New Web-based systems not only track the candidates, but deploy a series of job applications, screening instruments, tests and assessments, and performance hurdles or tasks such as interviews or background checks. This multi-hurdle approach helps to evaluate and filter the candidate pool with speed and efficiency impossible in the paper-pencil and file cabinet era with features like:

  • Web modeling of the hiring process, 24x7dashboards, automated processing of multi-hurdle hiring, selection, and training programs.
  • Integrated with pre-employment assessments and tests.
  • Open system integration with client and/or 3rd party applications and databases.
  • Automation of statistically-based data-driven decision processes optimizes Talent Pipeline Management with unprecedented monitoring and calibration of candidate flow.
  • Candidate environments and scheduling functions embedded to assist in booking interviews, assessments, and other critical hiring communications and events.

The “open system” aspect of well-engineered web platforms allows for a heretofore unreachable level of business process re-engineering for the HR department. Common standards and “early adopter” cases have created strong awareness of the economies of such solutions. For example, organizations like the U.S. TSA, Capital One, P&G, and Georgia-Pacific have created dozens of multi-application integrations in their assessment-driven hiring programs, with a wide range of company end-users able to access data and screens that are functional for them. Both hiring managers and candidates prefer these web-based methods, which are convenient and inclusive.
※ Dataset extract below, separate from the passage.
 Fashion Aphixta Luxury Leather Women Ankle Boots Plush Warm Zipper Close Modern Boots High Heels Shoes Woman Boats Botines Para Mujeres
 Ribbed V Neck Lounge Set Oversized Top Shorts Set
HR Executives also embrace the model, as the digital nature of the process allows for process control, audit capability, data security, and both macro and micro level reporting and trend analysis.

Going forward, we will see development of combinations of assessment with other elements in the employee lifecycle. For example, sourcing is merging traditional recruitment and staffing disciplines with assessments and talent management systems. “Ranked Talent” is becoming an expectation. And by standardizing job applicant input, companies are climbing out of the deluge of electronic resumes in favor of a format that is standard, searchable, auditable, and controlled.

Candidate-driven environments also are here to stay, letting hiring managers and applicants perform a variety of mutually beneficial tasks and communications. For example an applicant can log into their ID/password controlled space to see how they have fared on the steps in a hiring process, or to book a time for proctored testing or for an interview.

Return-on-investment for well-executed selection systems is impressive for even mid-size firms. In fact, the pan 2004-05 U.S. Employee Engagement Survey found that workers (N>3000) who had taken a pre-employment assessment for their current job were far more likely to be strongly loyal to their employer, work harder, and were even willing to work for their current employer for less pay than they might get elsewhere. Clearly, assessment is the Big Idea informing much of the human resource industry for years to come.